Infatti, dopo qualche anno (1992) esplose lo scandalo di Tangentopoli. E fu
proprio questa norma a produrre la “Dazione ambientale” che
procurò tanto “lavoro” a “Mani Pulite” ed al
Magistrato Antonio Di Pietro, a cominciare dal Pio Albergo Trivulzio.
Dopo lo scandalo di Tangentopoli questa norma era andata in disuso, ma poi
ricomparve con la legge 109/1994 (art. 21). Tornata poi di nuovo in ombra
per qualche incidente tangentizio, è stata di recente dissotterrata
col Decreto legislativo n. 163 del 12.04.2006 (art. 83), perchè
“imposto” da una Direttiva CE.
A quanto pare, sfruttando l’ombrello europeo, si riesce a camuffare
le “porcate” legislative nazionali in “Leggi ispirate
dall’Alto”. Non so dove ci porta l’Europa, ma una cosa
è certa: la norma in questione disonora il Parlamento italiano;
sconcerta chi crede nello stato di diritto; produce più
“Pizzo” di cento Mafie; ed è destabilizzante più
di cento Brigate rosse. Consentire l’uso di questa norma ai tanti
Gaglioffi annidati nella struttura pubblica, è come fornire un
grimaldello ad uno scassinatore. Anzi, è come consegnare le chiavi
di un condominio a dei ladri d’appartamento.
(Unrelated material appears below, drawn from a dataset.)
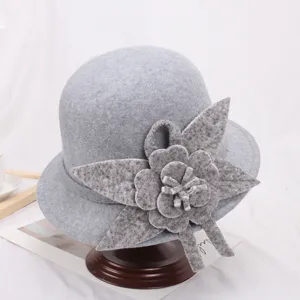 Grijs wollen koepelhoed met 3d bloem elegante winter warme bolhoed voor dames mode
Per ironia della sorte ora tocca proprio al Ministro Antonio Di Pietro
(II°) applicare questa assurda norma nella gestione dei Lavori
Pubblici. E’ auspicabile che se ne renda conto, e si adoperi per
abrogarla. Che non si limiti ad usare il naso del Poliziotto (come fece il
Di Pietro I°) alla ricerca perpetua di malfattori. Che usi piuttosto la
testa del Politico. E che riesca a individuare e neutralizzare gli
oggettivi strumenti usati dal Malaffare: le Leggi, appunto.
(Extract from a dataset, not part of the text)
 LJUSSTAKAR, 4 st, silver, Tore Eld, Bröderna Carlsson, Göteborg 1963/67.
E’ altresì auspicabile (la speranza è sempre
l’ultima a morire) che il Parlamento provveda a ripristinare, e con
più rigore, il reato di “Abuso d’Ufficio”, da cui
si genera l’Arroganza-menefreghismo-strapotere della Burocrazia,
nonché il vergognoso lassismo della Magistratura ed il conseguente
Sfascio del Paese. E provveda a smantellare la miriade di Strutture
parallele, a cominciare dal CIPE, nate nella logica della spartizione del
potere gestionale, e scevre da ogni responsabilità.
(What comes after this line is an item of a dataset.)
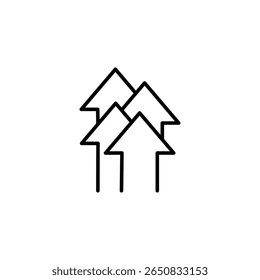 Pfeilgruppe, die in einem sauberen minimalistischen Stil nach oben zeigt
Per un futuro migliore, per il loro futuro, è sperabile infine che i
Giovani prendano coscienza anche di questi problemi, e che si mobilitino
per debellare questi due Mostri: lo Spreco e l’Illegalità. Due
mostri che si inseguono e si alimentano a vicenda, e che distruggono la
Democrazia. Il Potere li usa per rafforzarsi, creando sudditanza e
servo-assistenza, con consenso di ritorno. La Società civile li
subisce perdendo cittadinanza e possibilità di sviluppo. Nel
contesto che ne deriva prevale il Malcostume; si mortifica la
Dignità; non c’è spazio per operare nella
Legalità. E così via, verso la morte dello stato di diritto.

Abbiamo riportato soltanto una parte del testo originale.